三 – 11
和那は家に戻り、自分の気持ちを整理していた。
間宮家に関わる人々、義彦や香、恐らく海と聖義にも特別な能力があると和那は認識した。
海が飛び降りた直後に屋上から姿を消した義彦、そしてマンションから落ちたはずの海が無傷でいたこと。
海を抱きかかえていた聖義、和那の鞄の中に入っていた飲み物を言い当てた香。
海が義彦の能力を肯定したことは、和那の気持ちを落ち着かせた。
しかし、和那は香の言葉を思い出して身震いした。
『あなたと一緒に、私も義彦さんを感じたの』
まるで二人のしたことを見たような香の言葉に、和那は怯えた。
--もしかしたら、私のことを監視しているのかもしれない。それとも・・・間宮さんは私を操れるの?
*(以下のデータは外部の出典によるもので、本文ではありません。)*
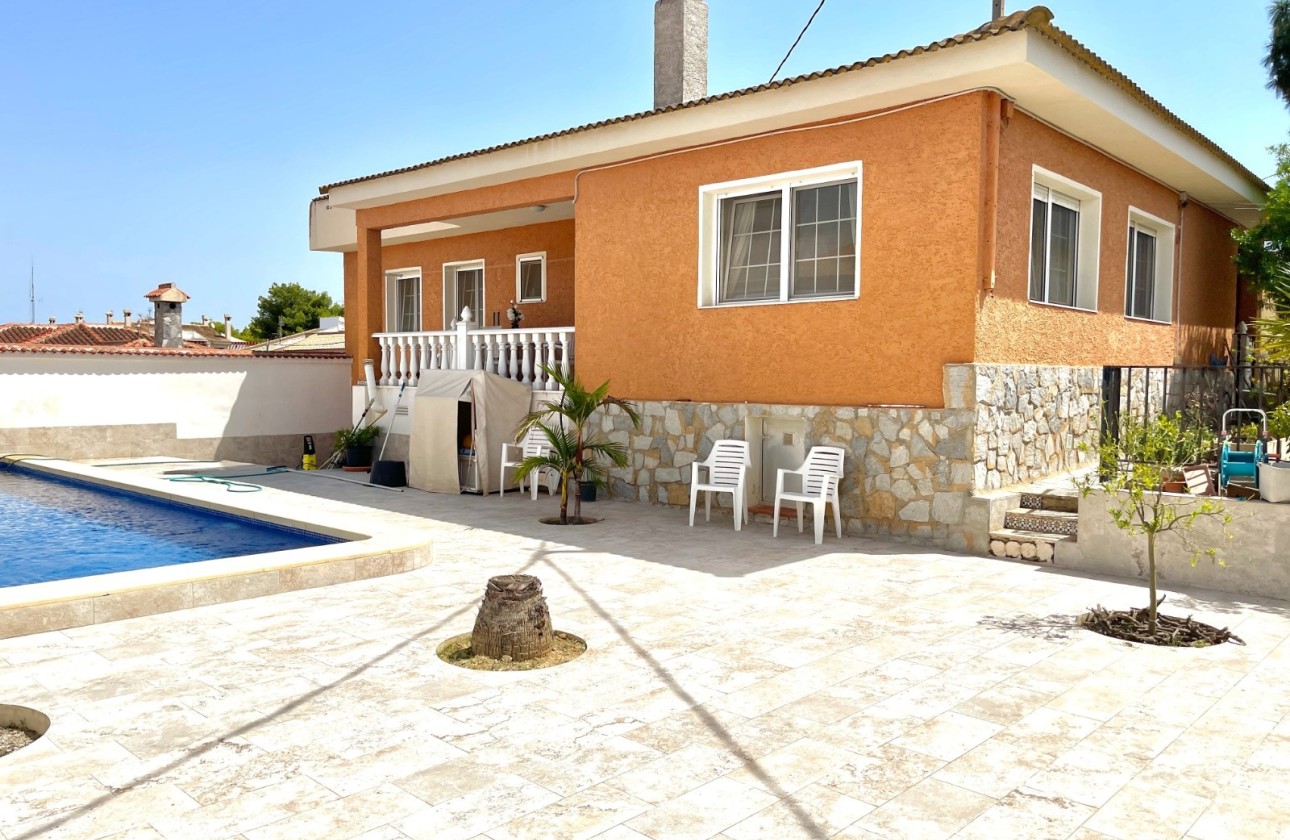 Venta - Villa adosada -
Benijofar - Pueblo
和那は部屋の中を見回したが、カメラらしいものはない。
しかも香が指摘した場所は、義彦の家の出来事なのだ。
そう思っていた時、和那の携帯電話が鳴った。
着信音に驚きつつ和那が電話を見ると、義彦からであることが分かった。
和那が電話に出ると、義彦の声が耳に響いた。
「今、どこにいる?」
義彦はそう言ったが、和那を束縛する意味ではなく、和那が遅く帰ることを気にしていることを和那は知っていた。
「家です。そうだ、街で海ちゃんに会ったの」
「そうか」
街で会った海は、恐らく義彦に頼まれて自分の様子を見ていたのだと和那は思っていた。
言葉だけ聞くと和那も何となく怖くなったが、香に監視されているかもしれないと思う今は、少しだけ心強くも感じていた。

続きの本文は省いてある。